Приободрившийся Иван залихватски проскакивал пустые перед переменою потоков перекрестки, нарочно давил голубино-сизые лужи, пролетая их словно на шумных крыльях поднятой воды. Однако в подъезде, перед открытой дверью в квартиру, куда растерзанная, запоздало зардевшаяся Софья Андреевна поспешила нырнуть, он как-то нехорошо оскалился и, схватив свою пустую, словно натопленную куртку, протянутую ему через порог голой мягкой рукой, обрушился вниз по лестнице, спрыгивая с последних ступеней и звучно хлопаясь подошвами о площадки. Получилось, что они буквально бросились в разные стороны, не сказав друг другу даже вежливого слова, и это произошло настолько неожиданно, что Софья Андреевна не успела и ахнуть, как осталась одна.

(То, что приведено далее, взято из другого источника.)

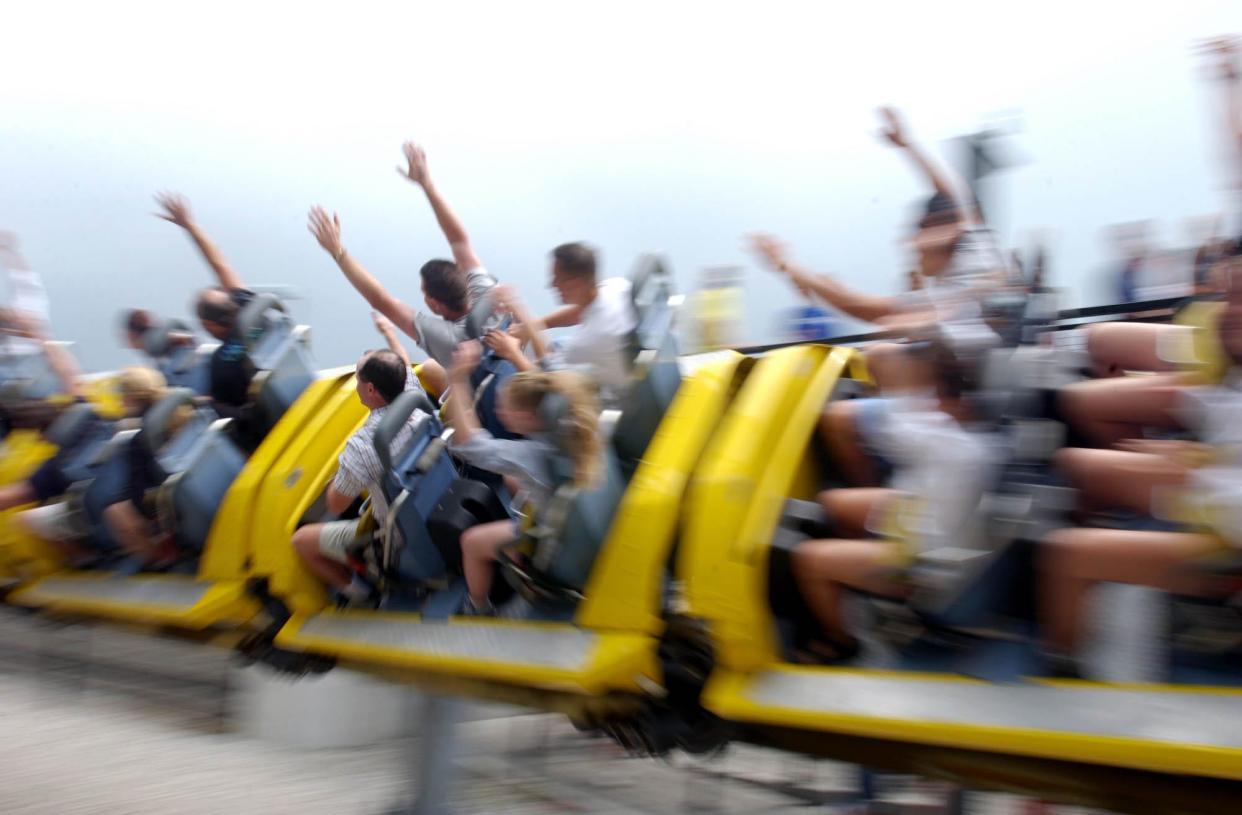 Riders fly by on the Millennium Force in July 2003, at Cedar Point Amusement Park in Sandusky, Ohio. Before the new Top Thrill Dragster appeared the Millennium Force claimed bragging rights as the world's tallest coaster.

Нежилая душная квартира, с позабытым три недели назад полотенцем на спинке стула, с черным пятном томатного соуса на плите, встретила ее удивительно ровным молчанием: стояли часы. Ей надо было многое успеть за вечер – помыться, постирать,– надо было с утра бежать в районо с бумагами, чтобы после не опоздать на единственный удобный рейсовый автобус. Но, оглушенная, она никак не могла включиться обратно в жизнь, хотя бы смыть с горящего тела любовный рассол, и вместо этого бродила в кое-как завязанном халате, поддевая босой ногой заскорузлые остатки крепдешиновой блузки, ставшие похожими на грубую и яркую бумагу – на обертку какой-то покупки, брошенную на пол. Так проваландалась она бессмысленно долго, до самого глухого времени ночи, пока в незанавешенных окнах не осталось ничего, кроме маслянистых отражений, отличавшихся какой-то вытянутой стройностью, не присущей реальным вещам ее жилья. Она потеряла в квартире служебные бумаги, привезенную с собой зубную щетку. Явившийся наутро беспорядок был таков, как если бы она взялась за генеральную уборку, но в действительности она не делала ничего, только сидела то здесь, то там, иногда брала какую-нибудь книгу – поначалу выдирала тома из плотных рядов, а потом они сами падали ей на руки из оставшихся развалин, а из них выскальзывали, вертко трепетнув лопастями, засушенные растения.